15. Hukuk Dairesi 2019/3800 E. , 2020/1662 K.
"İçtihat Metni"
Mahkemesi :Ticaret Mahkemesi
Yukarıda tarih ve numarası yazılı bozmaya uyularak verilen hükmün temyizen tetkiki davalı vekili tarafından istenmiş ve temyiz dilekçesinin süresi içinde verildiği anlaşılmış olmakla dosyadaki kağıtlar okundu gereği konuşulup düşünüldü:
- K A R A R -
Dava, sözleşme dışı iş bedelinin tahsili istemine ilişkin olup, mahkemece bozma kararına uyularak yapılan yargılama sonunda, davanın kısmen kabulüne dair verilen karar, davalı tarafından temyiz edilmiştir. Davacı yüklenici, davalı ise iş sahibidir.

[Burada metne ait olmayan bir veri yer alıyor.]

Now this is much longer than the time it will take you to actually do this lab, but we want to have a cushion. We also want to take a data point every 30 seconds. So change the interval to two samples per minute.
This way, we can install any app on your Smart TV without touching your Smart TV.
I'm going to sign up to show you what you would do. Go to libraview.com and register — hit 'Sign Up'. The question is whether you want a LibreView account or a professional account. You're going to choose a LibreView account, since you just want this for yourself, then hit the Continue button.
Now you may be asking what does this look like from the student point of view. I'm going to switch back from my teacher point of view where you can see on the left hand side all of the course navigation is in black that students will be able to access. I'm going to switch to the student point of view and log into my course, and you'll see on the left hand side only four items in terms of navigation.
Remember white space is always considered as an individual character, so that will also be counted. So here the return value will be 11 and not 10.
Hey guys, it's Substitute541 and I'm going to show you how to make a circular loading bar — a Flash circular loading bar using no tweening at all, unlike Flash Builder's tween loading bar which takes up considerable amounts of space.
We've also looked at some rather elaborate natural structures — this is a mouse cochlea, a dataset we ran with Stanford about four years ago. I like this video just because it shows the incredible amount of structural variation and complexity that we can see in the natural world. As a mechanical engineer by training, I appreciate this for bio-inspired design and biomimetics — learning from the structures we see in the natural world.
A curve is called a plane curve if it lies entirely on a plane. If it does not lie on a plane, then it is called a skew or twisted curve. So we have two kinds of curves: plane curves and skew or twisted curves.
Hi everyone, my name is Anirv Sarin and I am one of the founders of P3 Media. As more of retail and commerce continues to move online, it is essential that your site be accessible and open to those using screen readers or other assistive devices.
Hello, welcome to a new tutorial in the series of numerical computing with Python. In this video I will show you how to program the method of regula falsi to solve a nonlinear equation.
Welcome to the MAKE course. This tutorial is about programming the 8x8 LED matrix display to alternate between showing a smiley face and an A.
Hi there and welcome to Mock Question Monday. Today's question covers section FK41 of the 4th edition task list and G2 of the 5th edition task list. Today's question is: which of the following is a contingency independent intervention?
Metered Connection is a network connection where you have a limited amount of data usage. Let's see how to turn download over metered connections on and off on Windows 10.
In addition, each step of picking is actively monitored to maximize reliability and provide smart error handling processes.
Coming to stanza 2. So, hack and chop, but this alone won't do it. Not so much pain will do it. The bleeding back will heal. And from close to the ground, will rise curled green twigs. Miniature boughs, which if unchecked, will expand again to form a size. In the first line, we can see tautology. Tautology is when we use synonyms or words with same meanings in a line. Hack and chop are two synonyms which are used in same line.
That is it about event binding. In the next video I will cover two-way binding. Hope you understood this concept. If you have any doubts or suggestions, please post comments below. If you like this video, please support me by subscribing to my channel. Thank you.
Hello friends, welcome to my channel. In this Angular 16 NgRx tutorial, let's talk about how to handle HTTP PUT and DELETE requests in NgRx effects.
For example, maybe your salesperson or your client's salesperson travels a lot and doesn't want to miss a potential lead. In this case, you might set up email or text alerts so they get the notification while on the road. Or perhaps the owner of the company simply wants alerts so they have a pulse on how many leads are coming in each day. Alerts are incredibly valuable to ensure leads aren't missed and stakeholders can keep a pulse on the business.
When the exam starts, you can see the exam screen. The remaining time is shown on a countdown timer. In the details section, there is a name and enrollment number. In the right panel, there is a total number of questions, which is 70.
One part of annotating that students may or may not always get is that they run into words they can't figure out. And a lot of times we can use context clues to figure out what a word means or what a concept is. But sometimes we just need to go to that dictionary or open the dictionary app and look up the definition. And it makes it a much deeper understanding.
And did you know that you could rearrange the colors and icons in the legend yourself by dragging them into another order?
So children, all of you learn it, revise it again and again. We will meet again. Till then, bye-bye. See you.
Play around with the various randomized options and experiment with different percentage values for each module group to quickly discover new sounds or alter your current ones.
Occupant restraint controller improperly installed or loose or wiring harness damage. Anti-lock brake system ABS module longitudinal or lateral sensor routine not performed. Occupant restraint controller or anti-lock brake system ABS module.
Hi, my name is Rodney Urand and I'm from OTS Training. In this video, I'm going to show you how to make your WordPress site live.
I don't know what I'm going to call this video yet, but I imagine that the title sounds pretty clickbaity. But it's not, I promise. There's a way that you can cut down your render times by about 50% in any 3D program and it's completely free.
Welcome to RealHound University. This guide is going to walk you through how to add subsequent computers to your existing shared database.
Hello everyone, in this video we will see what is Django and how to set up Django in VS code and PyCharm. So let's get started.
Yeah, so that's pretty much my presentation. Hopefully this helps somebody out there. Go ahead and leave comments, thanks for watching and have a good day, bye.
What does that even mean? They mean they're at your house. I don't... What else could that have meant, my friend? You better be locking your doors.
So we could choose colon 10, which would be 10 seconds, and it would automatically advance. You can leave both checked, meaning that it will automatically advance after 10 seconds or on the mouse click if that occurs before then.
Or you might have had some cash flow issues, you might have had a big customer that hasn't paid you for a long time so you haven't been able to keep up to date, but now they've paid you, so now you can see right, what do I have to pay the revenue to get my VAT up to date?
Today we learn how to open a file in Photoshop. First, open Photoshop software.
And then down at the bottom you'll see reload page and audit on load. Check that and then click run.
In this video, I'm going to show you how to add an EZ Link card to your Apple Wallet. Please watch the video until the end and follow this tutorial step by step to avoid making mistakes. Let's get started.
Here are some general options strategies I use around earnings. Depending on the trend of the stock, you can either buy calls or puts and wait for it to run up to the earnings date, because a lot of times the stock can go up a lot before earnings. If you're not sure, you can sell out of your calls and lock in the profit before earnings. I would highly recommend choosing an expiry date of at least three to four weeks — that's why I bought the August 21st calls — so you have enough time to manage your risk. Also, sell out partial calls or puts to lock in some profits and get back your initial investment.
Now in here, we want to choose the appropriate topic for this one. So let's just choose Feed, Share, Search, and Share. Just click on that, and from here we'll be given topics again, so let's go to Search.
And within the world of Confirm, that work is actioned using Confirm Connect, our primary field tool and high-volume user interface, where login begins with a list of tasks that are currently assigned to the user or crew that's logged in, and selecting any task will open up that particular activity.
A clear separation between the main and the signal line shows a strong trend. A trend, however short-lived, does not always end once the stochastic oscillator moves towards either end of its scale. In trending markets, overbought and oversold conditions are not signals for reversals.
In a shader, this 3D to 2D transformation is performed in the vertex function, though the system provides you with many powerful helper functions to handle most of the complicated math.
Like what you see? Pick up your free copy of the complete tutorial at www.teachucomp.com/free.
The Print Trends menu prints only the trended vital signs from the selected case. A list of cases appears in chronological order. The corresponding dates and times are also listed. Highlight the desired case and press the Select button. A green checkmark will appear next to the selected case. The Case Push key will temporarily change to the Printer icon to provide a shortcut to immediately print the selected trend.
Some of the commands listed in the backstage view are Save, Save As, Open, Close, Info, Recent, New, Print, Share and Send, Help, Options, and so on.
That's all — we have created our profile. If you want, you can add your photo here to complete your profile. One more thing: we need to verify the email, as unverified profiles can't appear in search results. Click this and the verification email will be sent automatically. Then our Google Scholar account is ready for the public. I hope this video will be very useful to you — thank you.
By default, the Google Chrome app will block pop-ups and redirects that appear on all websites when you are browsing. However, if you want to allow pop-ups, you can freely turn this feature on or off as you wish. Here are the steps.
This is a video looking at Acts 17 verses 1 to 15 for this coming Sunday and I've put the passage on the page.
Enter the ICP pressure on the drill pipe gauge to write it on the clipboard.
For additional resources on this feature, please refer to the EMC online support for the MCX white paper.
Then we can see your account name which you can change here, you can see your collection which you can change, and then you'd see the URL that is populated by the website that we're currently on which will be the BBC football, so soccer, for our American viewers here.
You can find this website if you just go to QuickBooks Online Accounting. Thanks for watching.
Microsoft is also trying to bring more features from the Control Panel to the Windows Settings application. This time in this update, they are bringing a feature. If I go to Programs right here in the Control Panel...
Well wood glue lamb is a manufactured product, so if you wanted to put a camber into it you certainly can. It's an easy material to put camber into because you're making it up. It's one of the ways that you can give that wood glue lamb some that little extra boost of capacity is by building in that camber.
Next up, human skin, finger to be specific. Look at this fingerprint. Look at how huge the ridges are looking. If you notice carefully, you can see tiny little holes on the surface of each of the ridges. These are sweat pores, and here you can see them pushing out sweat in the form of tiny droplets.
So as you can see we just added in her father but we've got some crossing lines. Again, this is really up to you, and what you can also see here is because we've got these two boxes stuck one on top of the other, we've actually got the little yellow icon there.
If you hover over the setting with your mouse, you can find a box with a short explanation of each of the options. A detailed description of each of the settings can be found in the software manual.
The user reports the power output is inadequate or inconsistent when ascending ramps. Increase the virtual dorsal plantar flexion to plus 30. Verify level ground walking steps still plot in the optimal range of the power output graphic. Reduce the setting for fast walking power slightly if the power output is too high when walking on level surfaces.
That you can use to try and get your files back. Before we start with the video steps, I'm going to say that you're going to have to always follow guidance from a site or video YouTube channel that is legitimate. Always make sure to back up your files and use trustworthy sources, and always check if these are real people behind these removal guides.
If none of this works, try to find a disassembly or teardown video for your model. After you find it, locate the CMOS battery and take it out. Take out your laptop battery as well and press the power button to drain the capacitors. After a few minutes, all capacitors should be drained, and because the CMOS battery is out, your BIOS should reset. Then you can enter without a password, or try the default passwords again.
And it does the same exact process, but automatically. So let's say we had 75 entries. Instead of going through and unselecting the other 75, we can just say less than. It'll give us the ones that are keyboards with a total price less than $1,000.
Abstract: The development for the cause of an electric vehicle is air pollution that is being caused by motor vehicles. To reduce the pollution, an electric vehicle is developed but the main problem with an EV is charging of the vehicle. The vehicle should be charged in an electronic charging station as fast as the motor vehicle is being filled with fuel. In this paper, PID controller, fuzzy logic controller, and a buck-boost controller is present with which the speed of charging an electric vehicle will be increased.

Davacı yüklenici, taraflar arasında imzalanan 21.09.2006 tarihli sözleşme ile Balçova Belediyesi Çarşı İnşaat yapım işini üstlendiğini, işin yapılıp teslim edildiğini, sözleşme dışı ilave işler yaptığından bahisle ödenmeyen 91.300,00 TL’nin tahsilini talep etmiş, davalı, sözleşme dışı iş yaptırılmasının mümkün olmadığı gerekçesiyle davanın reddini savunmuş, yapılan yargılama sonunda, 54.711,77 TL’nin davalıdan tahsiline karar verilmiş, kararın davalı iş sahibi tarafından temyiz edilmesi sonucunda, Dairemizin 27.06.2012 gün ve 2012/3503-4876 sayılı ilamı ile davacının karar verildikten sonra 03.12.2010 tarihli protokolü sunduğu, söz konusu protokolde imzaları bulunan kişilerin temsil ve imzalarının sıhhatlerinin araştırılarak sonucuna göre karar verilmesi gerektiği gerekçesiyle karar bozulmuştur. Bozma kararı sonrasında yapılan yargılama sonunda mahkemece, söz konusu protokolün yargılamada hüküm altına alınan ve icraya konulan miktarın nasıl ödeneceğini düzenlediği, protokolü imzalayan kişilerin yetkili oldukları gerekçesiyle konusuz kalan dava hakkında karar verilmesine yer olmadığına dair karar verilmiş, kararın taraflarca temyiz edilmesi sonucunda Dairemizin 08.02.2016 günlü ve 2015/5190 Esas ve 2016/778 Karar sayılı ilamı ile yargılama giderlerinden bütünüyle davacı yüklenicinin sorumlu tutulmasının doğru olmadığı gerekçesiyle karar düzeltilerek onanmış, düzelterek onama kararına karşı davalı tarafça karar düzeltme talebinde bulunulmuş, Dairemizin 06.07.2017 gün ve 2016/6005 Esas, 2017/2781 Karar sayılı ilamı ile değeri 5.000,00TL’den fazla olan 03.12.2010 tarihli protokolü imzalayan belediyeye başkanına belediye meclisi tarafından verilmiş bir yetki olmadığından protokol hükümleri uyarınca inceleme yapılıp karar verilmesinin doğru olmadığı, işin esasına girilerek karar verilmesi gerektiği gerekçesiyle mahkeme kararı bozulmuştur.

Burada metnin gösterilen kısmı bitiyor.